En Europe centrale et orientale, si la réponse n’est toujours pas évidente, l’attachement à l’indépendance nationale est farouche et domine les débats depuis un siècle. Le basculement de la région vers des systèmes populistes et autoritaires, les oppositions et les critiques envers l’Europe surprennent, déroutent, voire scandalisent les autres pays de l’Union. Le soutien de la population ne concorde pas avec les valeurs affichées par celle-ci et demeure incompréhensible aux yeux extérieurs. On peut distinguer ici deux facteurs qui participent à creuser ce fossé. D’une part, le succès des populistes se fonde sur un appel à l’indépendance nationale, un thème majeur inscrit dans l’identité nationale de ces jeunes États. D’autre part, l’Europe n’a pas su communiquer efficacement et porter un message d’intégration auprès des populations : arrivant souvent comme une grande sœur fortunée, elle a versé généreusement des fonds, et imposé ses règles et ses visions ; en petite sœur, affaiblie et appauvrie, l’Europe centrale a accepté ces dons comme un dû et non comme un partage solidaire. Ce manquement des deux côtés contrarie aujourd’hui la convergence politique et sociale au sein de l’Union.

Une situation qui n’est pas neuve. Depuis les invasions ottomanes, sans parler de la domination soviétique plus récente, l’Europe centrale s’est toujours considérée comme plus proche de l’Ouest que de l’Est, perçu comme hostile et agressif. Son appartenance au monde occidental était donc une priorité, un gage d’indépendance, de modernité et une solution pour atténuer les tensions multinationales. Or cette région reste profondément marquée par les partages territoriaux menés par des grandes puissances, sans consultation des populations locales, utilisant celles-ci comme monnaie d’échange dans les jeux géostratégiques.

  • L’indépendance de 1918

La Grande Guerre, qui a ravagé le continent, a vu l’explosion des trois puissants empires qui le dominaient. Sur leurs ruines sont nés des États dont certains possédaient une ancienne et grande histoire d’indépendance à laquelle ils se sont alors référés pour s’affirmer sur la scène européenne. La Pologne, par exemple, a mis en avant son ancienne monarchie disparue de la carte et partagée entre les trois empires pendant deux siècles et demi. La recomposition de la carte européenne s’est traduite par des mouvements de frontières peu stables, constamment revendiquées, négociées ou involontairement cédées. Pour certains États, la menace était importante à l’ombre des grandes puissances. Leur indépendance se construisait à proximité d’un nouvel empire, l’Union soviétique, certes affaibli par la guerre civile, mais jeune, agressif et expansionniste ; si le bolchevisme avait remplacé le tsarisme, il n’était pas moins menaçant.
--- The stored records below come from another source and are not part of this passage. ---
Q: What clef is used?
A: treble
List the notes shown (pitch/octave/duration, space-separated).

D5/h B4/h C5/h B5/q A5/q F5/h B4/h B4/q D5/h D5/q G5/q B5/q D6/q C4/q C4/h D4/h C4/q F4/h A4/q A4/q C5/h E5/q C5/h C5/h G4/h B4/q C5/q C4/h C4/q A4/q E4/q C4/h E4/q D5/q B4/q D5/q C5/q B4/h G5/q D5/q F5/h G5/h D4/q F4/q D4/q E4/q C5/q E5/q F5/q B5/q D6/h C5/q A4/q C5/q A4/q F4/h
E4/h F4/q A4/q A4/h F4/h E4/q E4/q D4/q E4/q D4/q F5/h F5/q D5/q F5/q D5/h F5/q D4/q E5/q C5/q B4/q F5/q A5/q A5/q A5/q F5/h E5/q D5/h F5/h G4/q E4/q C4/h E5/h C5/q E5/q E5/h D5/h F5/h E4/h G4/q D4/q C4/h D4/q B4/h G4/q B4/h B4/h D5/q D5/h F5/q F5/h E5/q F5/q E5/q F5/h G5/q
Dans ce contexte, un discours européen a été porté par les élites de ces pays, soutenant que l’appartenance à l’Europe et à sa civilisation permettait de protéger leur souveraineté. L’Ukraine offre un bon exemple de ces débats. Son premier président, Mikhaïlo Hrouchevsky, historien de formation, a réalisé une Histoire de l’Ukraine-Rus mettant en avant tous les moments où le lien de son pays avec la civilisation européenne a été dominant et, par conséquent, distinguait son État de l’Empire russe, perçu comme un envahisseur. La Renaissance, le baroque, la culture de la république cosaque, l’importance de la société civile, même l’appartenance d’une partie importante de l’Ukraine à l’Empire austro-hongrois, tout servait à apporter des preuves de l’européanisme du pays afin d’éviter un basculement oriental.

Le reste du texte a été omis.